Instructions to follow
Look through the records, and whenever a line includes the word "Patio", copy it.

*** Supplied information ***

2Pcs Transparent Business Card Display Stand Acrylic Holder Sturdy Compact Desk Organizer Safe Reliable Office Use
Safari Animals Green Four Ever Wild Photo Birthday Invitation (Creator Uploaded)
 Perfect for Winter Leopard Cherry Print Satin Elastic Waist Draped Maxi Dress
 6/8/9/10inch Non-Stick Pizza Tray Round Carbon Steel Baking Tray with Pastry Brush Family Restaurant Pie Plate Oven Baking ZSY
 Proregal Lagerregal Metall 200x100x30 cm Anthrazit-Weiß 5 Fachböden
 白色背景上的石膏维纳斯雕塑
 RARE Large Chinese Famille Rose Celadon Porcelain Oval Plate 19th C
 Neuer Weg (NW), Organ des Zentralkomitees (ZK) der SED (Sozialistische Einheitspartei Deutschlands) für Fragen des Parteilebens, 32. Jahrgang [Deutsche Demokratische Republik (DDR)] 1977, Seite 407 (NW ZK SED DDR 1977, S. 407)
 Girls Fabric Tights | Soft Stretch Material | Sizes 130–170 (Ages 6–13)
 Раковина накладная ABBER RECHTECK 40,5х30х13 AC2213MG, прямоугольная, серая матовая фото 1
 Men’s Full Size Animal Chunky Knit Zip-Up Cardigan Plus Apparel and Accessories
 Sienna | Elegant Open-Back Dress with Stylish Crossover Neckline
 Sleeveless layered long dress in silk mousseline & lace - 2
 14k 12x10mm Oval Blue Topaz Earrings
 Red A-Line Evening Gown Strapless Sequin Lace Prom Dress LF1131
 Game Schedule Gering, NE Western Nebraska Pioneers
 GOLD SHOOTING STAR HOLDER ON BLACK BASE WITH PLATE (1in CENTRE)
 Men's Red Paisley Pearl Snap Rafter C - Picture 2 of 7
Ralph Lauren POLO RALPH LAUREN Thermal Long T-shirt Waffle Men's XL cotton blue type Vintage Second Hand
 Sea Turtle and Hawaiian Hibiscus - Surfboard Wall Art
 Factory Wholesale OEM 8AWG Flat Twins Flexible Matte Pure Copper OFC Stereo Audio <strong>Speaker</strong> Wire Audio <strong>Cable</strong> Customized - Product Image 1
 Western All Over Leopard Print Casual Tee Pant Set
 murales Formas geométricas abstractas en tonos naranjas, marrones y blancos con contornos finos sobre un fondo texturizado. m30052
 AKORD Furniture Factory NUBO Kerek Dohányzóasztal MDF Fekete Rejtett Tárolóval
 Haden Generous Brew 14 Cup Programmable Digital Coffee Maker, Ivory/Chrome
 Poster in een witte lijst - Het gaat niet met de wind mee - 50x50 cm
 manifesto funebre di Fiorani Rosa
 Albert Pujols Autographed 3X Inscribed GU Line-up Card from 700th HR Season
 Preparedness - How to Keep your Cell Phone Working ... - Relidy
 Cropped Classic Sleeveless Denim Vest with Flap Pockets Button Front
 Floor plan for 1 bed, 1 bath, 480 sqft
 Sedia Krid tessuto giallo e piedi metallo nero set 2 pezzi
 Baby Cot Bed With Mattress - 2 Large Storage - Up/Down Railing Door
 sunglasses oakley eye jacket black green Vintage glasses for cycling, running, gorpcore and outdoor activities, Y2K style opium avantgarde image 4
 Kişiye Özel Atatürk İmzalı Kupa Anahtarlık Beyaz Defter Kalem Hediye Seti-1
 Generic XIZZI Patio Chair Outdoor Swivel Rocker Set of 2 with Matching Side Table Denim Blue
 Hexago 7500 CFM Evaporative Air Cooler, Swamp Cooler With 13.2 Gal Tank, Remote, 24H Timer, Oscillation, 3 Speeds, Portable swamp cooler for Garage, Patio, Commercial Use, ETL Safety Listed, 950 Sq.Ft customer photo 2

*** End of Supplied information ***

Exercise solution
 Generic XIZZI Patio Chair Outdoor Swivel Rocker Set of 2 with Matching Side Table Denim Blue
 Hexago 7500 CFM Evaporative Air Cooler, Swamp Cooler With 13.2 Gal Tank, Remote, 24H Timer, Oscillation, 3 Speeds, Portable swamp cooler for Garage, Patio, Commercial Use, ETL Safety Listed, 950 Sq.Ft customer photo 2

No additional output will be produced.